To do :: The required result is an exact copy of the lines from the one containing "警方抓捕盗窃团伙 主要成员都是00后（青少年犯罪）" to the last line of the records, both ends included, without pictures.

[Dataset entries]
····················
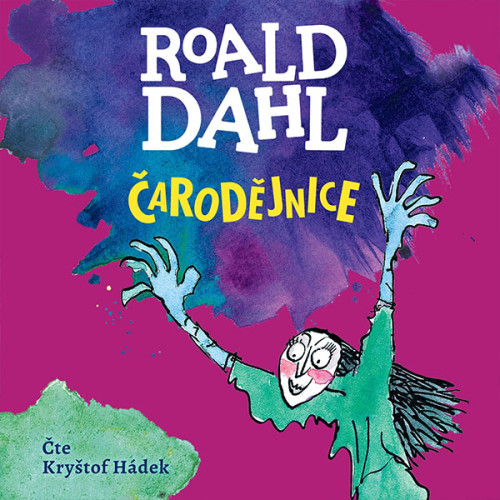 CD / Dahl Roald / �arodejnice / MP3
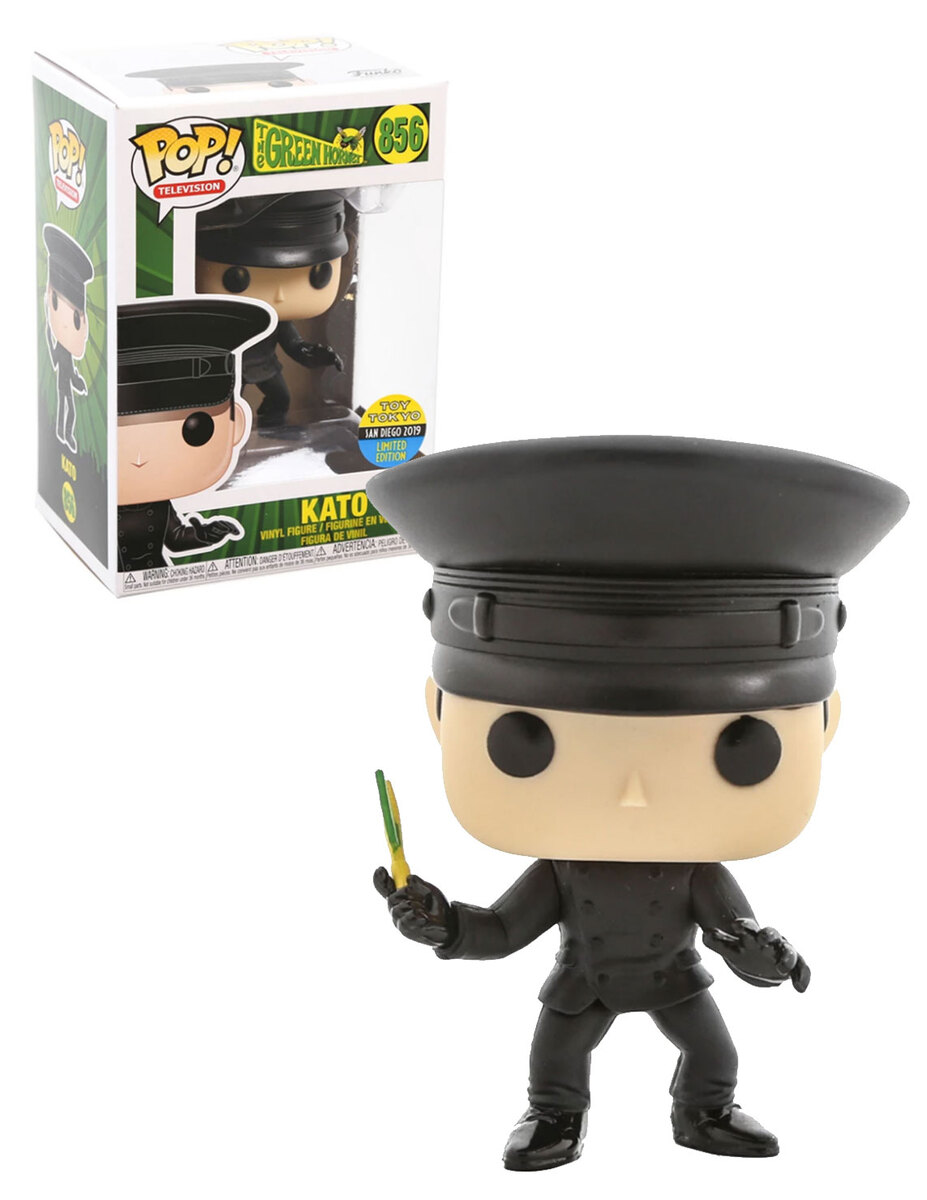 kato funko pop toy tokyo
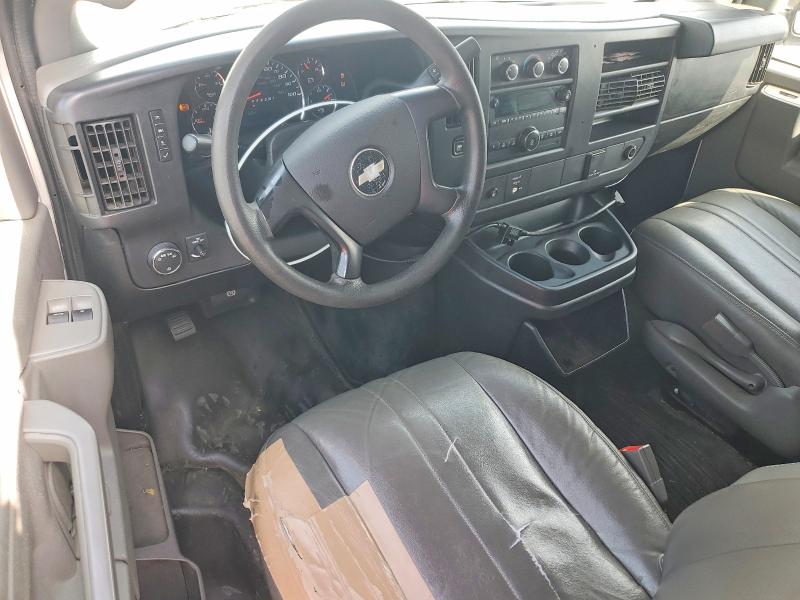 2016 Chevrolet Express VIN 1GCWGAFF2G1233163 COPART salvage auction — SIDE, Nj - Certificate Of Title, sold $1,519 on 2026-07-20 (photo 8)
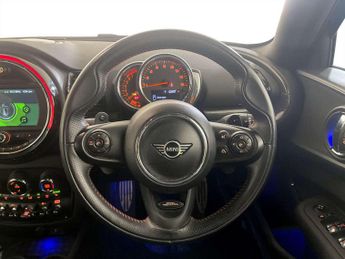 MINI Clubman 2.0 Cooper S Sport Estate 6dr Petrol Steptronic Euro 6 (s/s) (19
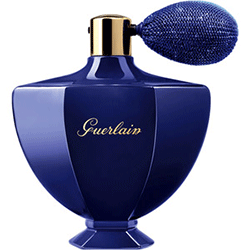 Guerlain Souffle D'or de Shalimar Body and hair poudre - Герлен парфюмированная пудра для волос и тела 20 г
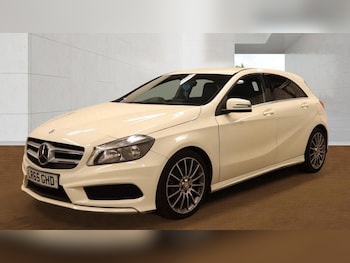 Used Mercedes-Benz A-Class 2015 for sale - 79324988: Photo
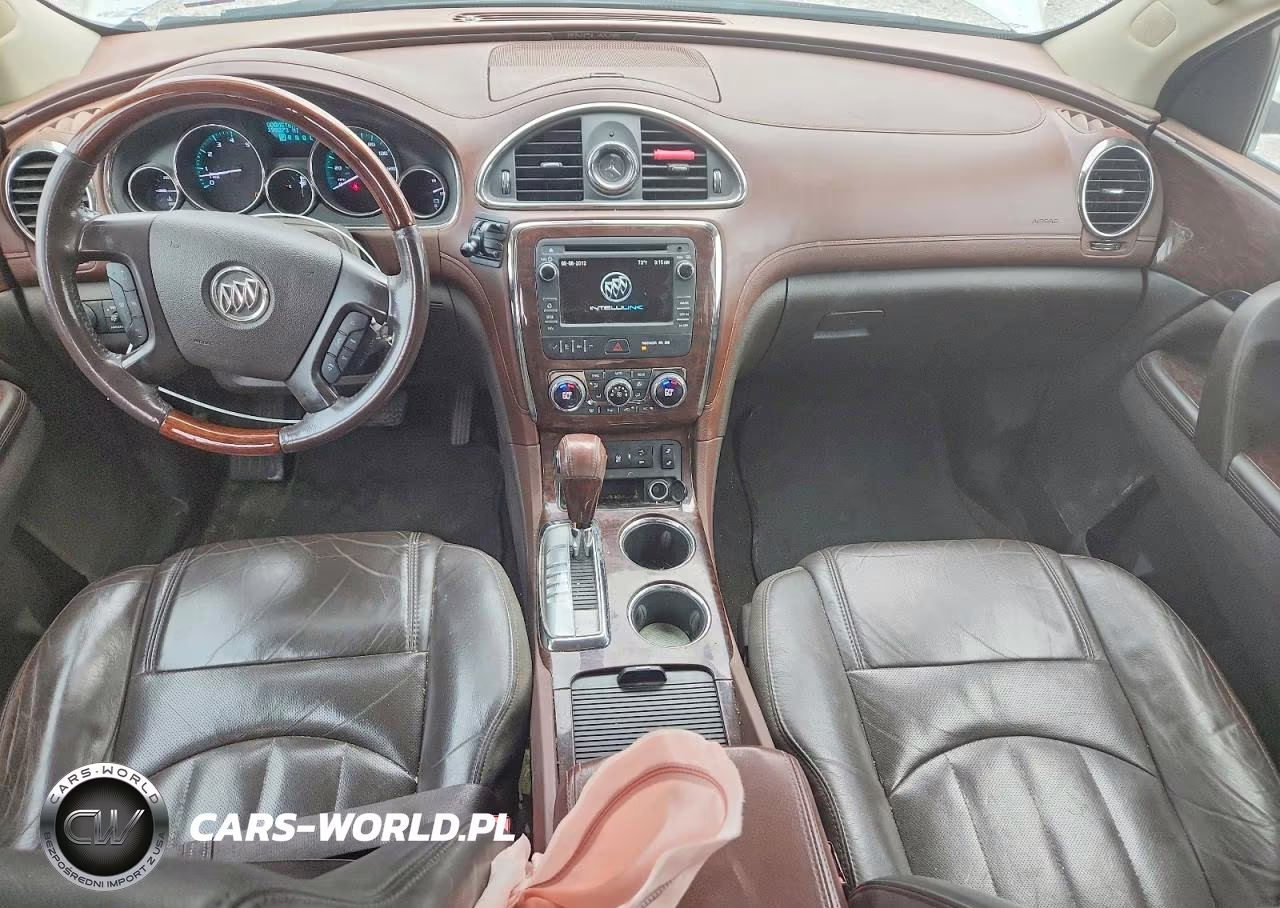 2014 Buick Enclave VIN:5GAKRBKD2EJ192809 - 8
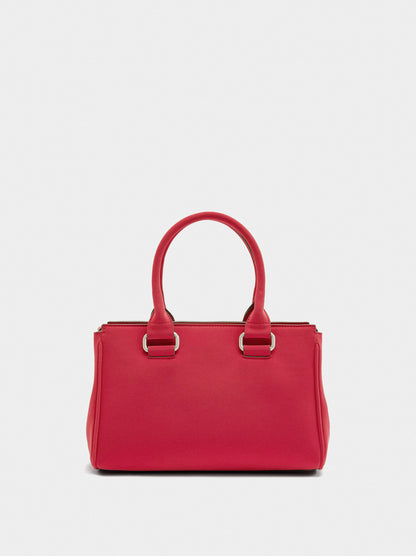 Tote Bag With Soft Texture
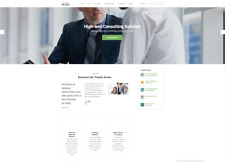 Turnkey Financial Services Affiliate Website Free Hosting Setup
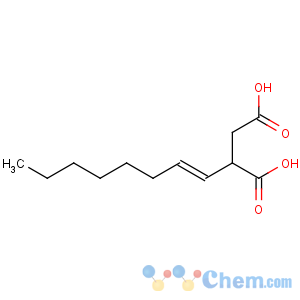 CAS No:28805-58-5 octenylsuccinic acid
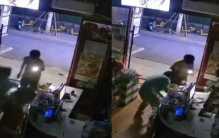 警方抓捕盗窃团伙 主要成员都是00后（青少年犯罪）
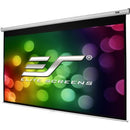 Elite Screens Manual B Series 100" Projection Screen - White - PEGASUSS 
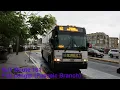 New Jersey Transit 2006 D4500CL Route 161 Full Length Ride from PABT to Passaic Bus Terminal
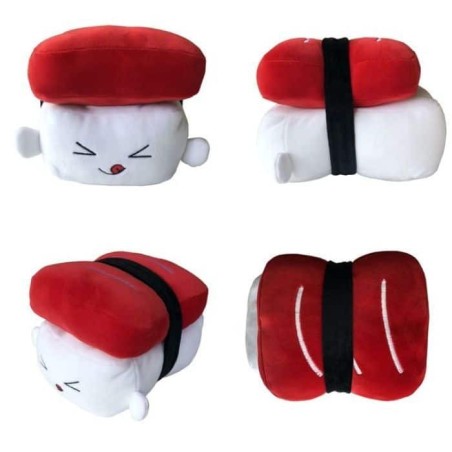PELUCHE SUSHI ATUN MEDIANO 30CM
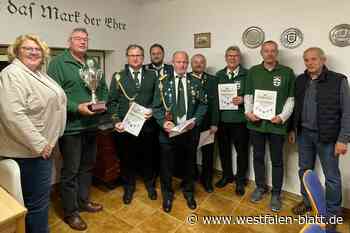 Schützengesellschaft Espelkamp gewinnt Stadtpokalschießen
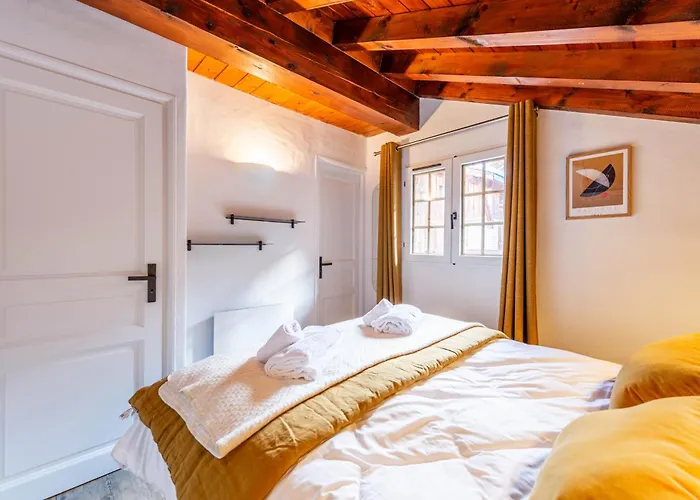 Smartstay Chocolat - Chalet *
····················
Result of this exercise ::
 警方抓捕盗窃团伙 主要成员都是00后（青少年犯罪）
 Elite Screens Manual B Series 100" Projection Screen - White - PEGASUSS 
 New Jersey Transit 2006 D4500CL Route 161 Full Length Ride from PABT to Passaic Bus Terminal
PELUCHE SUSHI ATUN MEDIANO 30CM
 Schützengesellschaft Espelkamp gewinnt Stadtpokalschießen
 Smartstay Chocolat - Chalet *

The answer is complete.